Niché dans une rue résidentielle d'Asnières (Hauts-de-Seine,) l'immeuble en brique de l'agence Jean & Montmarin est orné d'un logo avec un crayon gris, qui rappelle celui de Leo Burnett. Comme la prestigieuse enseigne de Chicago, Jean & Montmarin a connu son heure de gloire, lorsqu'elle comptait une soixantaine de personnes et logeait sur l'île de la Jatte, à Neuilly-sur-Seine. C'était l'époque des spots TV qui ont marqué une génération de Français, de Herta («Ne passons pas à côté des choses simples») dans les années 1980 à Yop («Les années Yop») et Nomad («Réfléchissez avant de vous engager») dans la décennie suivante.
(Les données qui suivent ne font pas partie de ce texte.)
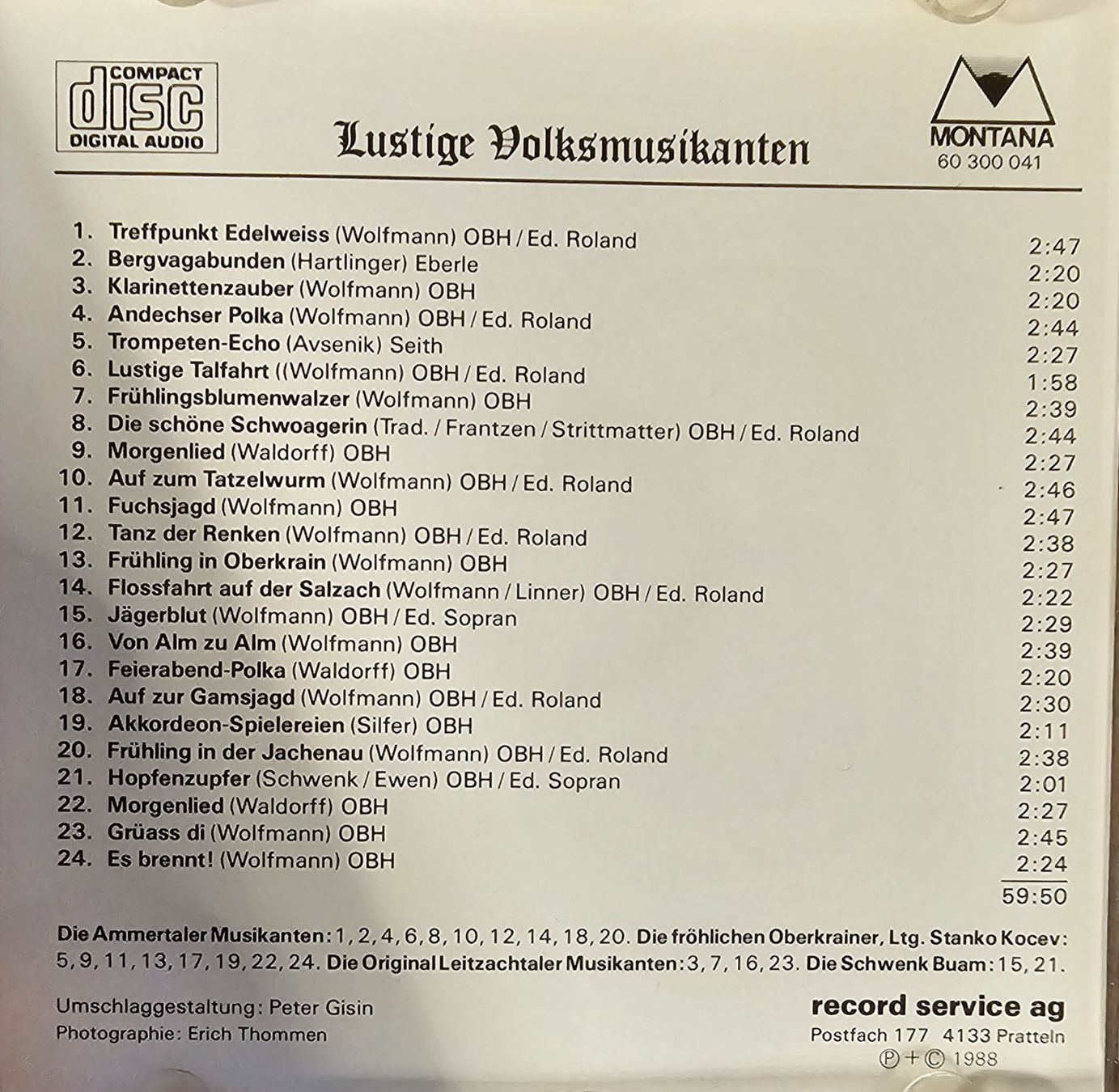 CD: Various - Lustige Volksmusikanten – Usato da Wahlen b. Laufen venduto da Cg10 2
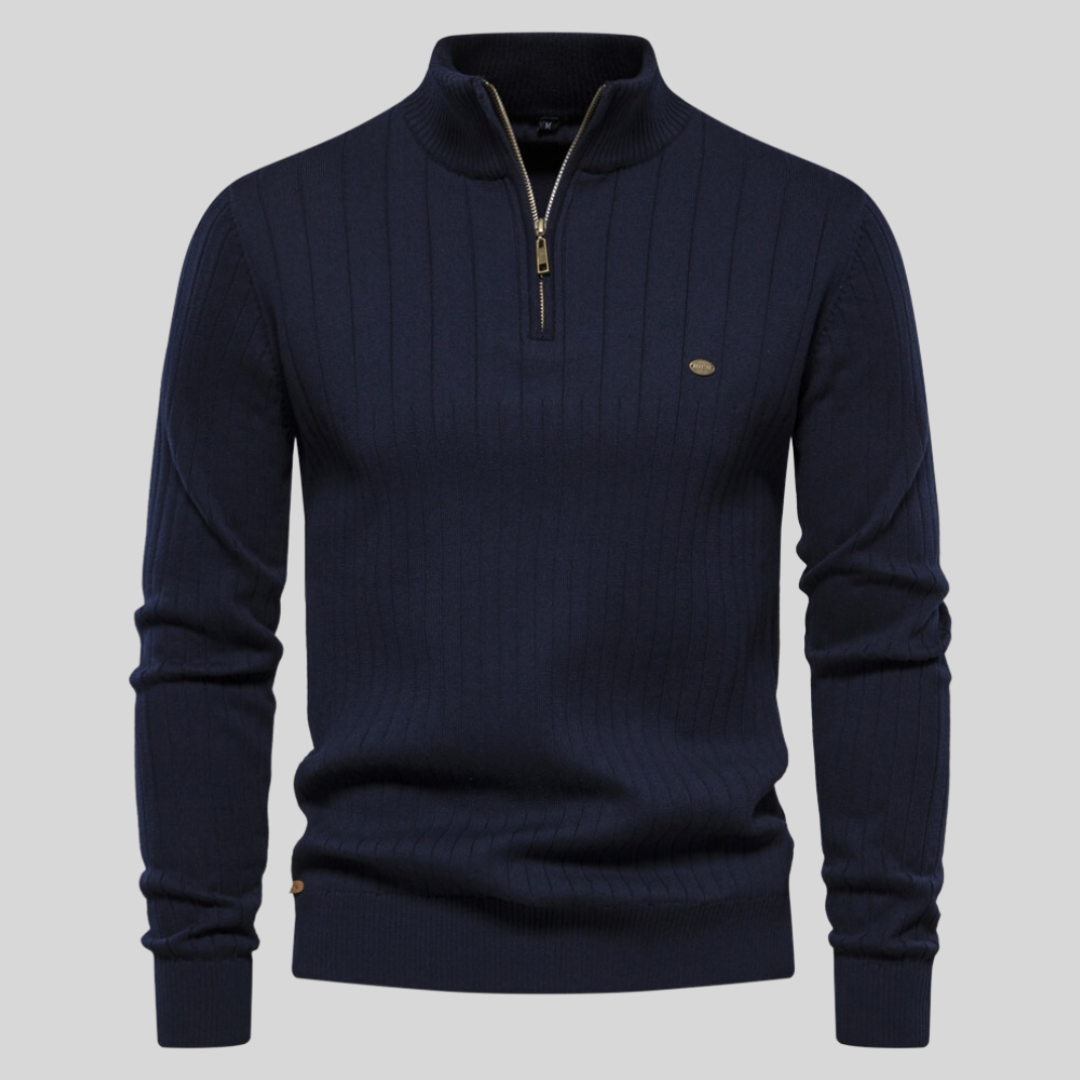 Herren Strickpullover Mit Langarm | Halb Reißverschluss
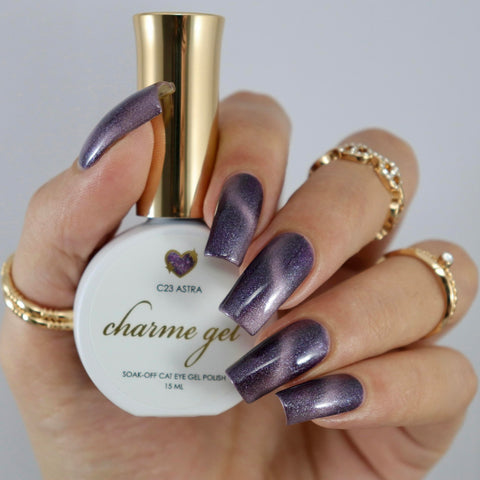 Charme Gel / Cat Eye C23 Astra Plum Purple Polish Galaxy Nail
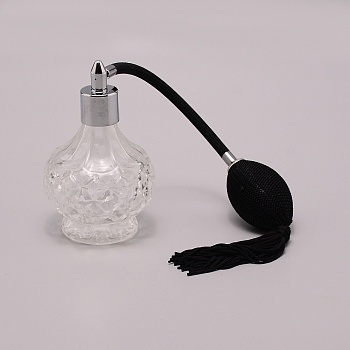 Glass Empty Refillable Perfume Atomizer Spray Bottles, Vintage Style Refillable Perfume Bottle, with Long Tassel, Black, 6.8x10.55cm, Capacity: 80ml(2.71fl. oz)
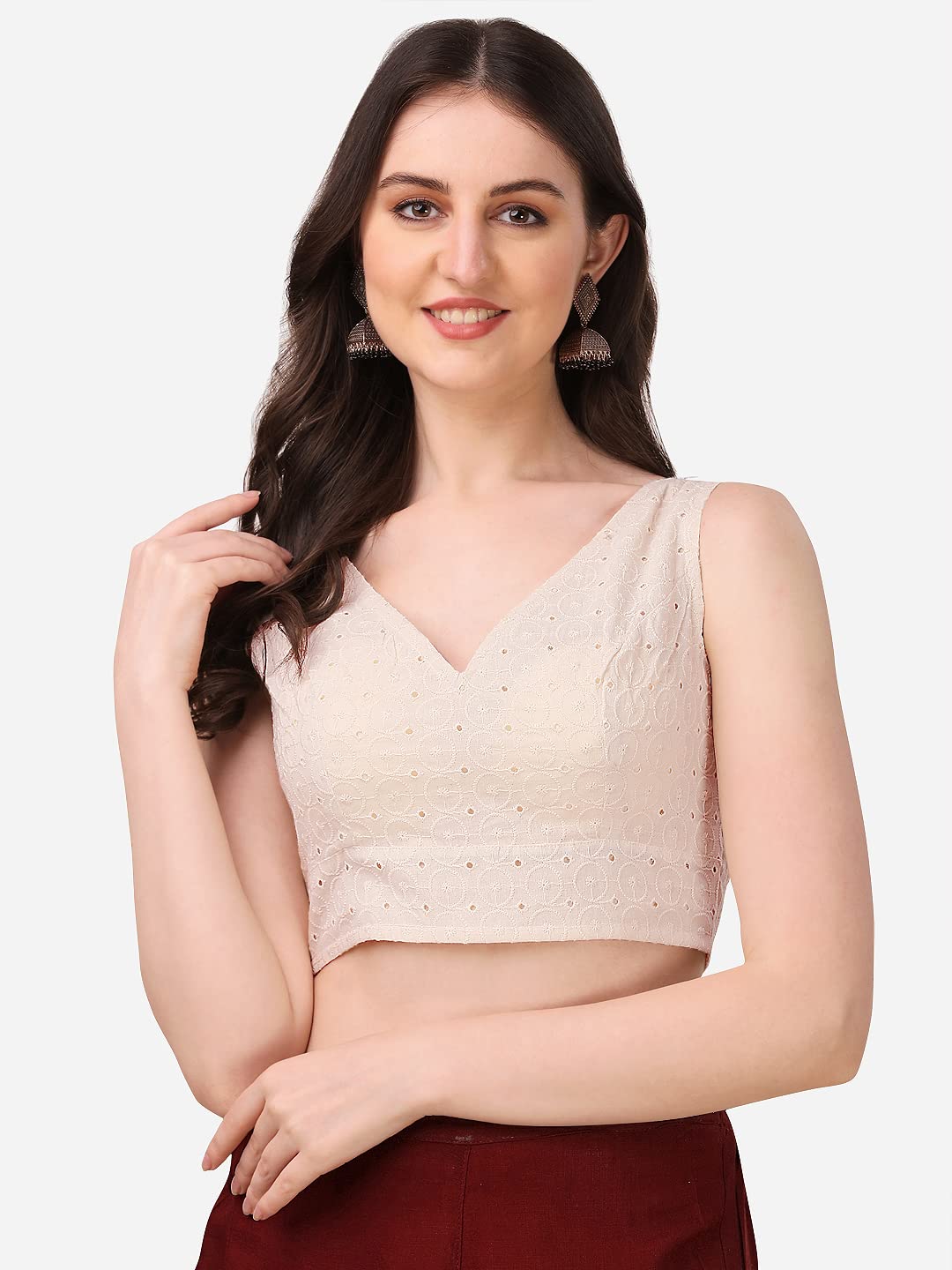 Oomph! WomenS Indian Ethnic Wear Designer Abstract Pattern V Neck Sleeveless Cotton White Blouse For Saree Or Lehnga And Blouse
Comme son nom l'indique, l'agence a vu le jour sous la houlette d'un duo formé d'un créatif, Gérard Jean, et d'un commercial au profil d'aristocrate entrepreneur, Hubert de Montmarin. «Si notre tandem a bien fonctionné pendant près de vingt ans, c'est parce que Gérard Jean était un passionné de marketing et moi un passionné de création», glisse Hubert de Montmarin, désormais seul aux commandes de l'enseigne. Gérard Jean a en effet quitté son associé en 2006. Pour cette agence, la question de la transmission s'est posée à de multiples reprises. Elle pourrait prendre une forme familiale. Mais si la fille de Gérard Jean, Sidonie, conceptrice-rédactrice, est passée par l'agence, elle en est aujourd'hui partie. «Les créatifs n'ont pas envie de créer des entreprises, mais des campagnes», estime Hubert de Montmarin. En revanche, son propre fils, Nicolas, travaille toujours à ses côtés en tant qu'associé. «Nous verrons bien s'il reprend ou non l'agence plus tard», élude Hubert de Montmarin.
Courtisée à la fin des années 1990 et au début des années 2000 par de nombreux réseaux américains et français, Jean & Montmarin a failli être vendue plusieurs fois, mais aucune des approches ne s'est concrétisée. «La revente n'a jamais été exclue et demeure une option envisageable», indique Hubert de Montmarin. En 1996, déjà, le réseau américain D'Arcy avait fait le voyage depuis Chicago, mais, au dernier moment, la transaction n'a pas été conclue. Hubert de Montmarin serait-il un aristocrate qui ne veut pas céder ses terres, comme le suggérait Gérard Jean à Stratégies lors d'une interview? «Je n'ai pas créé cette agence dans un but économique, mais entrepreneurial», rétorque celui qui s'est forgé une conviction en matière de transmission d'une agence indépendante. «Si la transaction est opportuniste et qu'il n'y a pas d'entente, le rachat ne fonctionnera pas, explique-t-il. Ce n'est pas une industrie lourde, mais un métier d'hommes.»
En 2001, Omnicom et WPP se sont penchés sur l'agence. «Nous avons été très loin dans les discussions, mais après le 11 septembre, le contexte international a entraîné un gel des acquisitions, souligne-t-il. La proposition du groupe BBDO m'avait plu, car l'enseigne conservait son nom et nous n'aurions pas été intégrés à une autre agence du groupe. Il s'en est fallu de deux mois.»
Dans l'Hexagone, Publicis s'est intéressé un moment au dossier, mais les différentes parties ne partageaient pas le même avis sur le rôle dévolu à Gérard Jean et Hubert de Montmarin. Ce dernier dément en revanche les bruits de rachat par Havas. «Parmi les grandes agences, BETC Euro RSCG est la plus proche culturellement de nous, mais il n'a jamais été question d'un rapprochement», affirme-t-il.